#### EXERCISE:
No pictures in the copy, please: retype all the records exactly.

#### Short text fragments from websites:
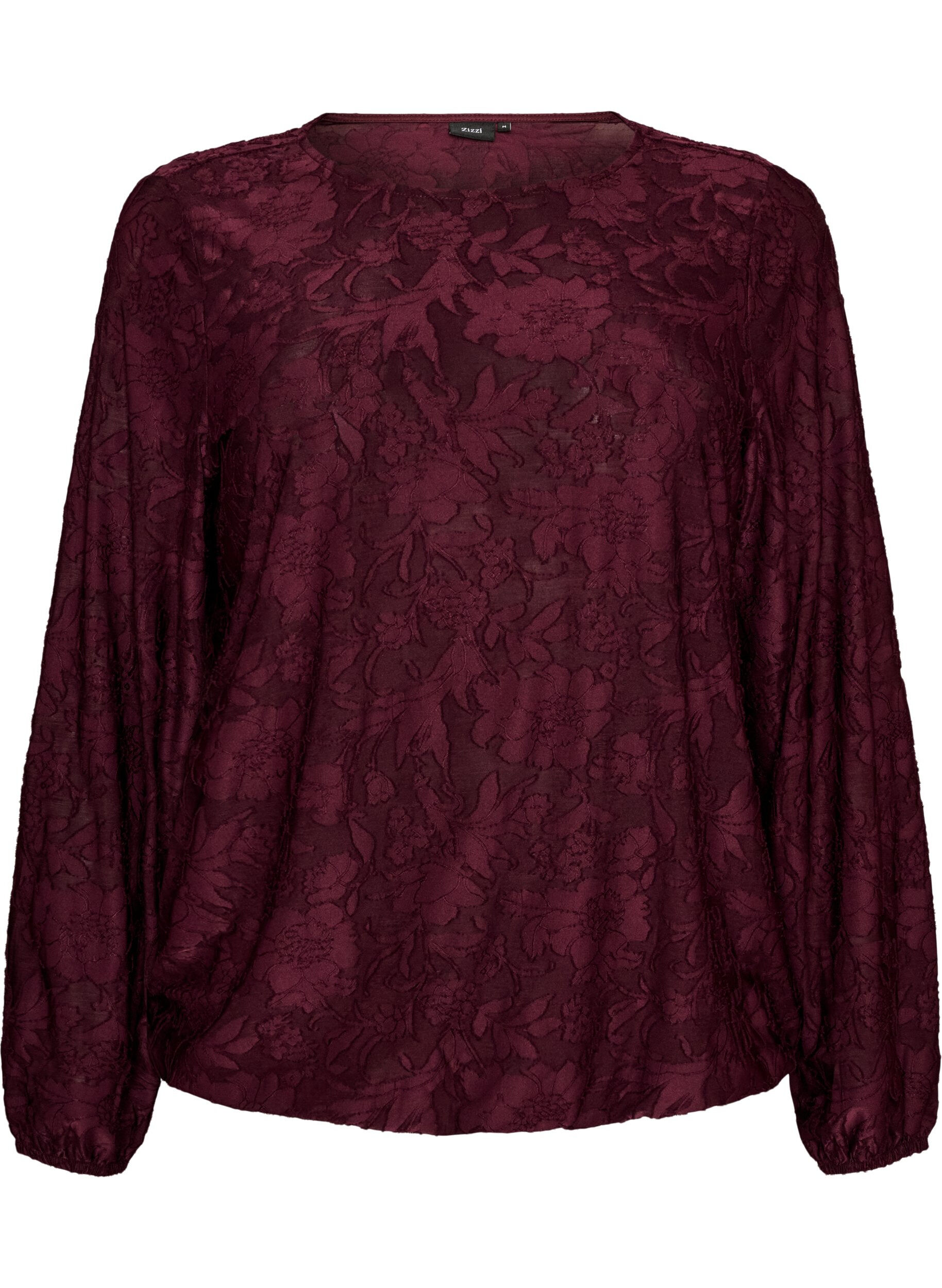 Skir blus med blommig textur och l&aring;nga &auml;rmar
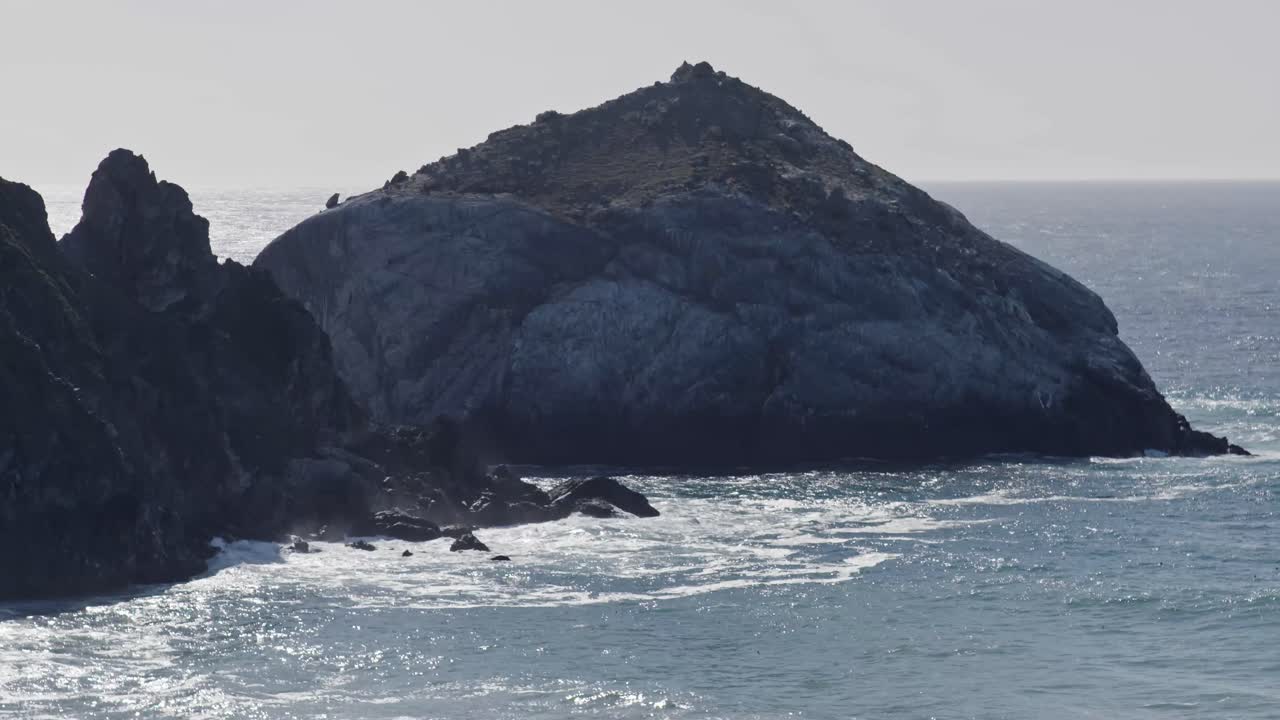 Ocean waves swirl around a rugged sea stack off California’s Big Sur coast, as light glints off the dark rock and surrounding sea spray adds atmosphere.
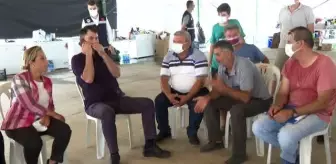 Bakanlar Kurum ile Karaismailoğlu yangından hasar gören yerleşim yerlerini inceledi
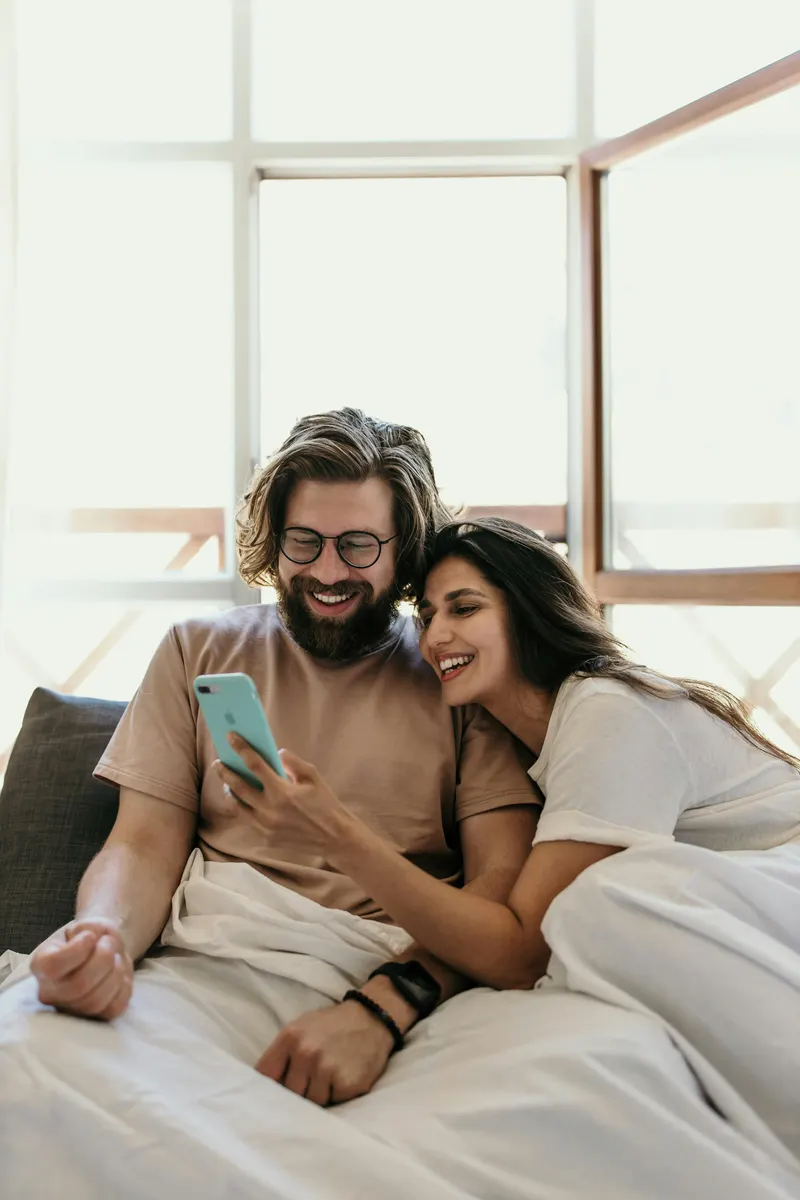Couple sitting in bed together smiling while looking at a phone.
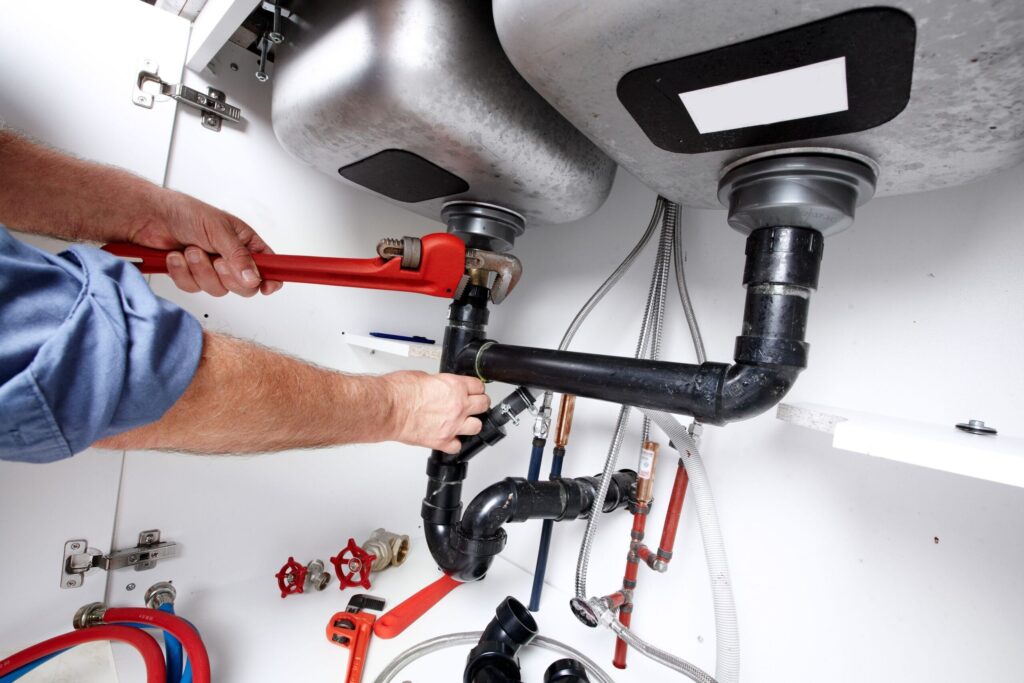 Plumber repairing drain pipes beneath a kitchen sink in Battleground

#### RESPONSE AREA:
 Skir blus med blommig textur och l&aring;nga &auml;rmar
 Ocean waves swirl around a rugged sea stack off California’s Big Sur coast, as light glints off the dark rock and surrounding sea spray adds atmosphere.
 Bakanlar Kurum ile Karaismailoğlu yangından hasar gören yerleşim yerlerini inceledi
Couple sitting in bed together smiling while looking at a phone.
 Plumber repairing drain pipes beneath a kitchen sink in Battleground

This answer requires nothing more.